Singles from Blake Shelton's Barn & Grill
- "When Somebody Knows You That Well" Released: 2004; "Some Beach" Released: August 2, 2004; "Goodbye Time" Released: January 24, 2005; "Nobody but Me" Released: August 30, 2005;

= Blake Shelton's Barn & Grill =

Blake Shelton's Barn & Grill is the third studio album by American country music artist Blake Shelton. Released in 2004 on Warner Bros. Records Nashville, it is his second album to achieve RIAA platinum certification. The album has four singles, "When Somebody Knows You That Well", "Some Beach", "Goodbye Time" and "Nobody but Me." Like on his previous album, he co-wrote two songs.

Professional ratings
Review scores
| Source | Rating |
| Allmusic | Star |

==Content==
The album's lead-off single, "When Somebody Knows You That Well", was co-written by Harley Allen, who had also co-written Shelton's 2003 single "The Baby". "When Somebody Knows You That Well" peaked at number 37 on the Billboard charts, becoming the lowest-charting single of his career. Following this song was Shelton's third Number One hit, "Some Beach", which spent four weeks at Number One in late 2004—early 2005. After this song came a cover of Conway Twitty's 1988 hit "Goodbye Time", with which Shelton reached number 10, and finally, the number 4 "Nobody but Me".

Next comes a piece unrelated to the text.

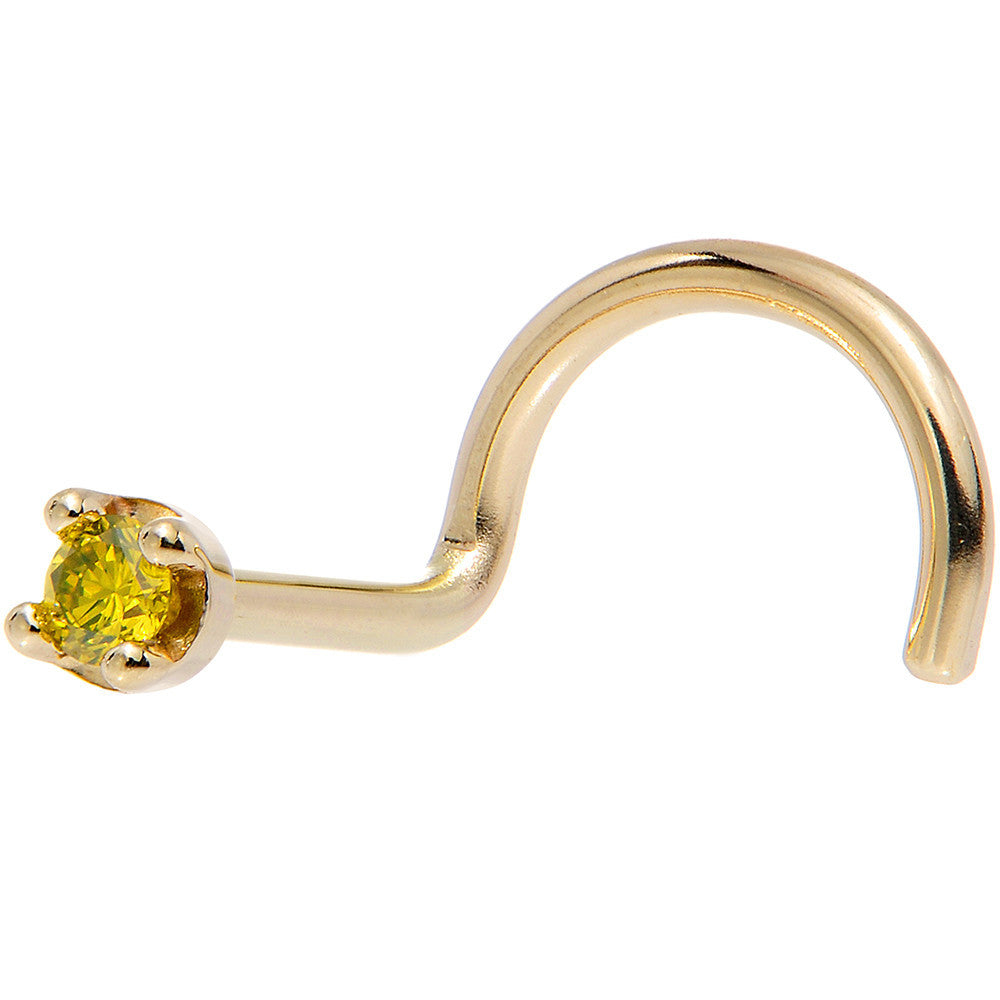 BodyCandy Solid 18K Yellow Gold 1.5mm Genuine Yellow Diamond Nose Ring — size reference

"Cotton Pickin' Time", one of two Paul Overstreet co-writes on this album, was previously a number 34 country hit in 1989 for The Marcy Brothers from their debut album Missing You, and "What's on My Mind" was previously recorded by Gary Allan on his 2001 album Alright Guy. "I Drink" was originally recorded by Mary Gauthier, who co-wrote the song. Gauthier released the song on her 1999 album Drag Queens in Limousines.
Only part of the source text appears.